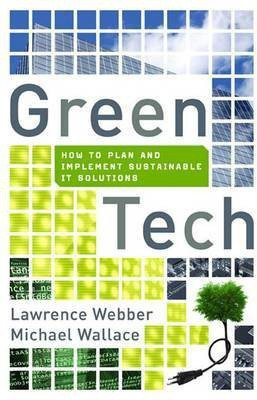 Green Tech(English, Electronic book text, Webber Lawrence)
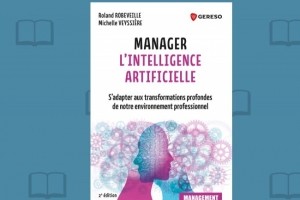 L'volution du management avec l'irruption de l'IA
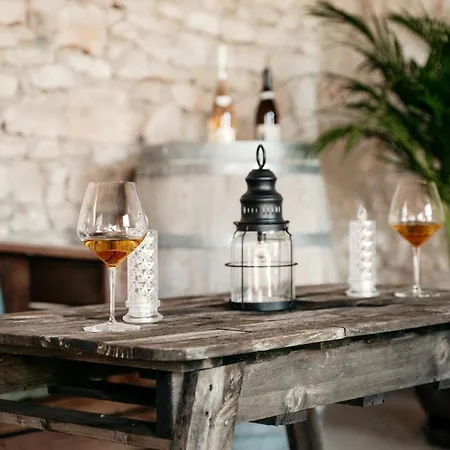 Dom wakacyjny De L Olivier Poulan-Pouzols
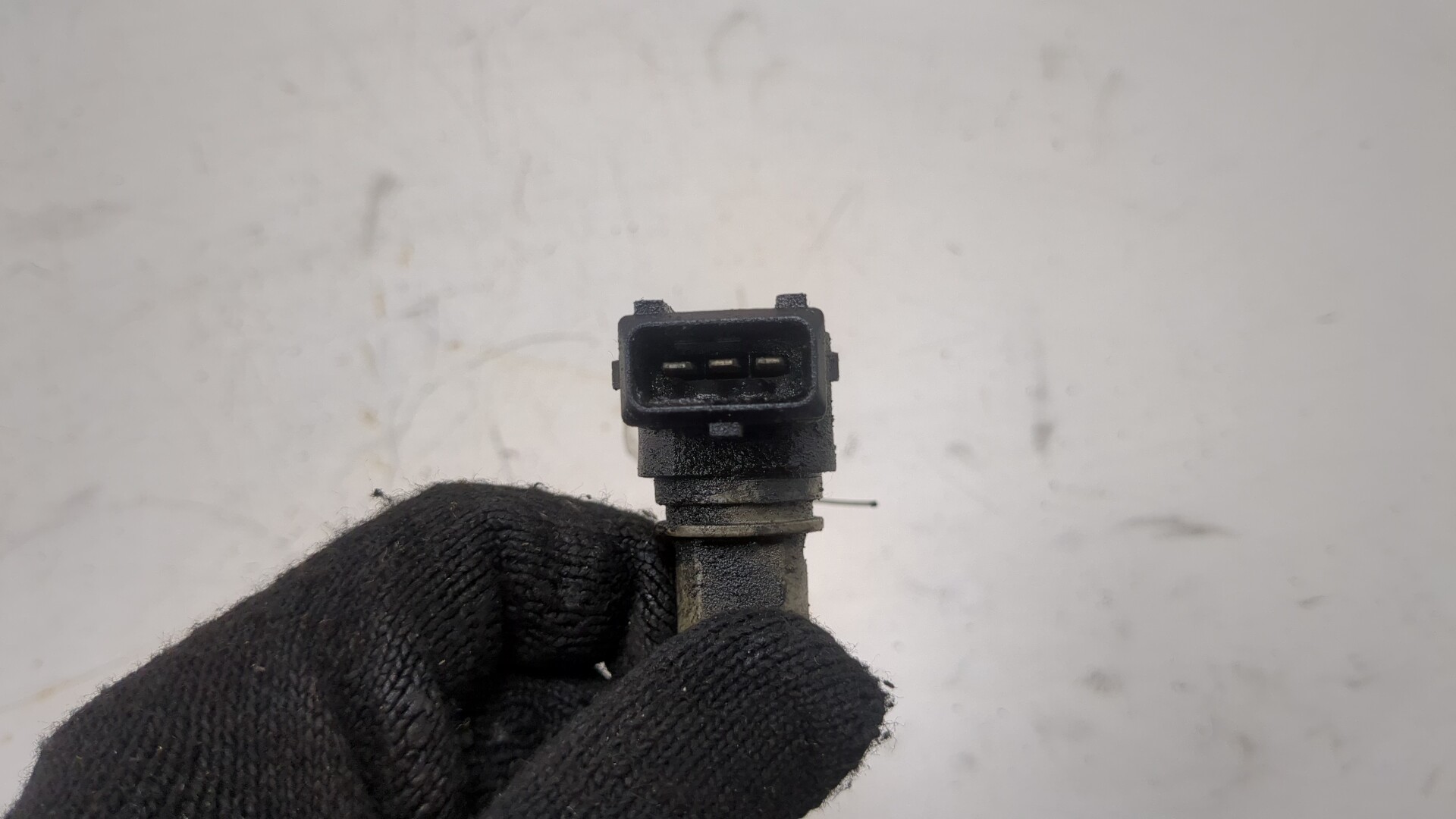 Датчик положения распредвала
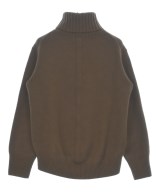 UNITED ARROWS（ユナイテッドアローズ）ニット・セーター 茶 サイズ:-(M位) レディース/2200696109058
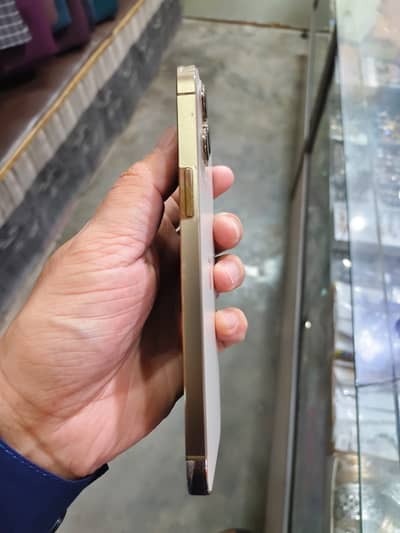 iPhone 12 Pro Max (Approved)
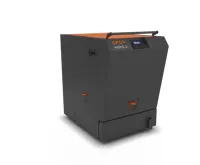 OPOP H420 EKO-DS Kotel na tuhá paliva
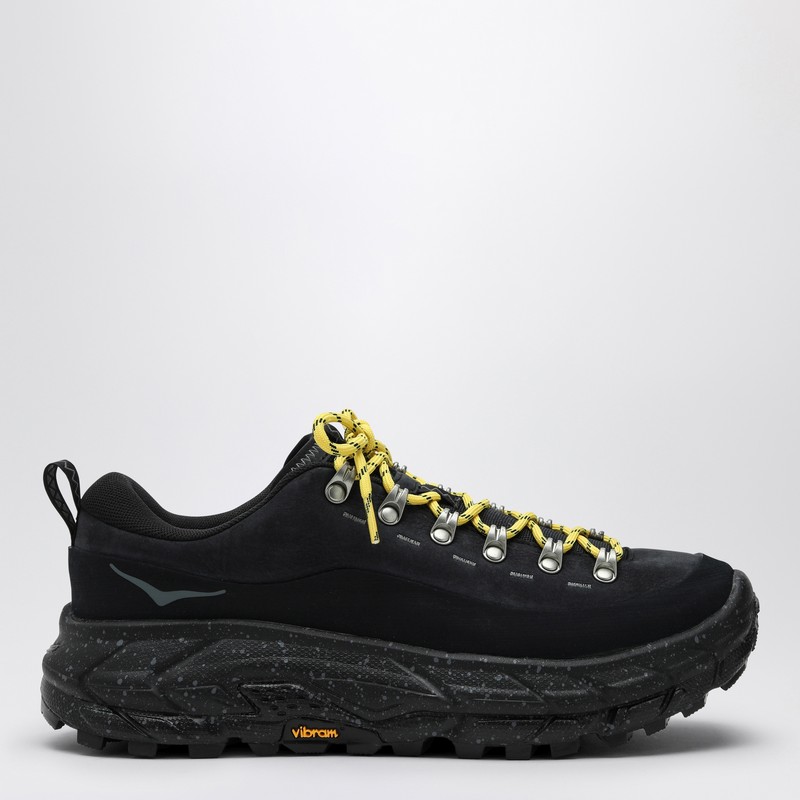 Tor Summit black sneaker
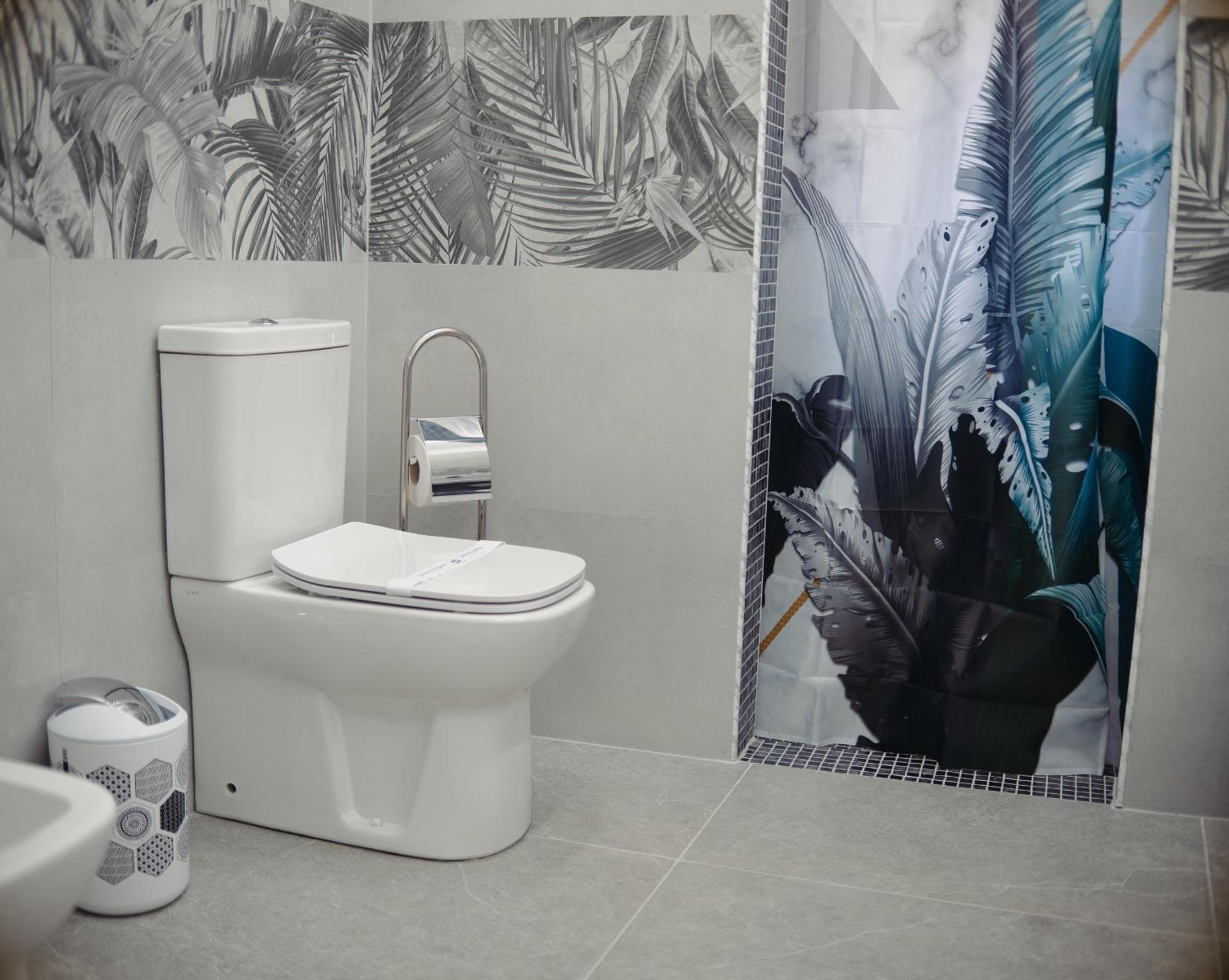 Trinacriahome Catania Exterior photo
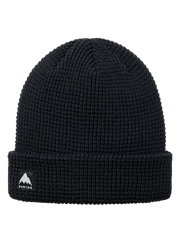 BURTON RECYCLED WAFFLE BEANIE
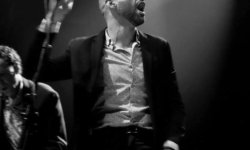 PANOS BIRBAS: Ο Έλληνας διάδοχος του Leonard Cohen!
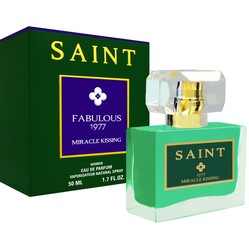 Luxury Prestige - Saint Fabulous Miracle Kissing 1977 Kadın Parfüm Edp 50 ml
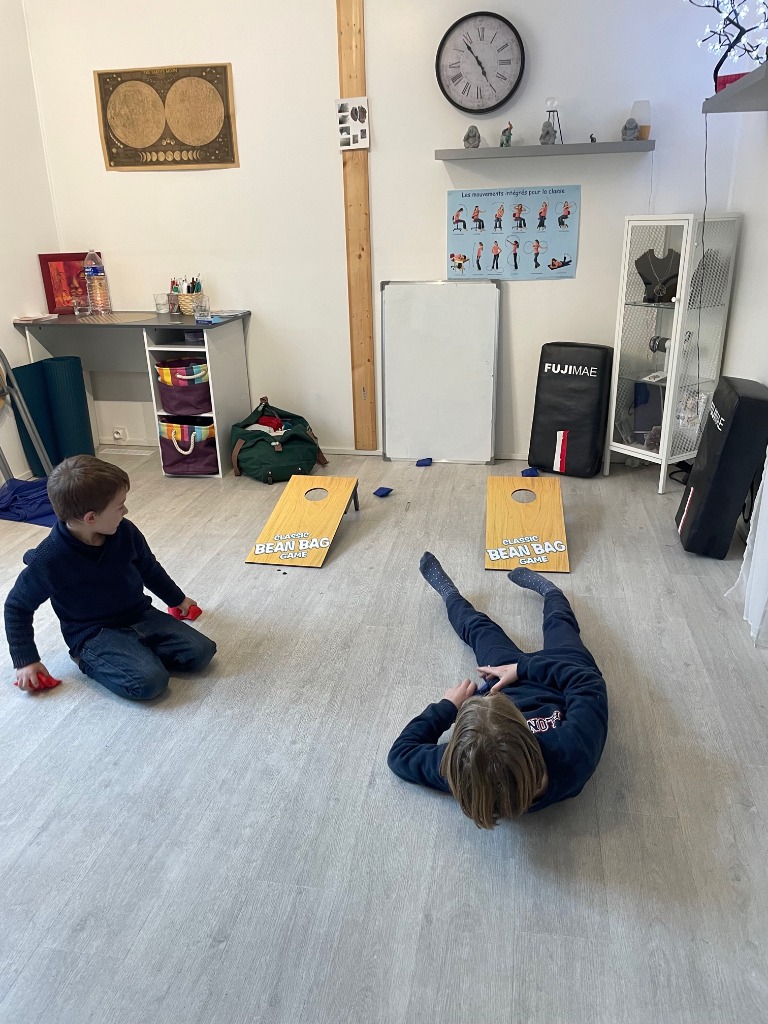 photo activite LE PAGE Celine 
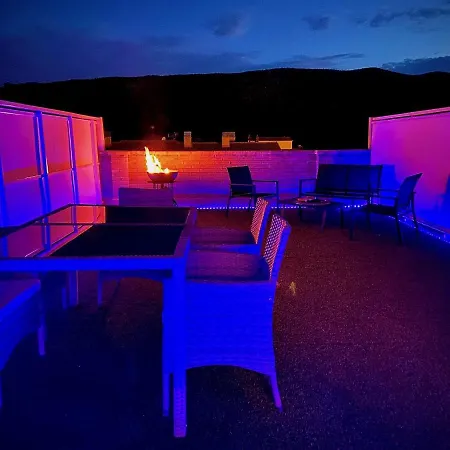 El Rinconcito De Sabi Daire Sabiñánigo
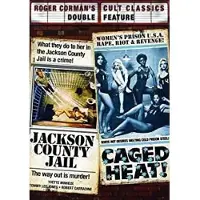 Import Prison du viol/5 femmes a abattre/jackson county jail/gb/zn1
-=-=-
* **INSTRUCTIONS TO FOLLOW**: The required output is the exact lines from the opening line of the entries through the line with "Trinacriahome Catania Exterior photo", inclusive, without pictures.

* **TASK ANSWER**:
 Green Tech(English, Electronic book text, Webber Lawrence)
 L'volution du management avec l'irruption de l'IA
 Dom wakacyjny De L Olivier Poulan-Pouzols
 Датчик положения распредвала
 UNITED ARROWS（ユナイテッドアローズ）ニット・セーター 茶 サイズ:-(M位) レディース/2200696109058
 iPhone 12 Pro Max (Approved)
 OPOP H420 EKO-DS Kotel na tuhá paliva
 Tor Summit black sneaker
 Trinacriahome Catania Exterior photo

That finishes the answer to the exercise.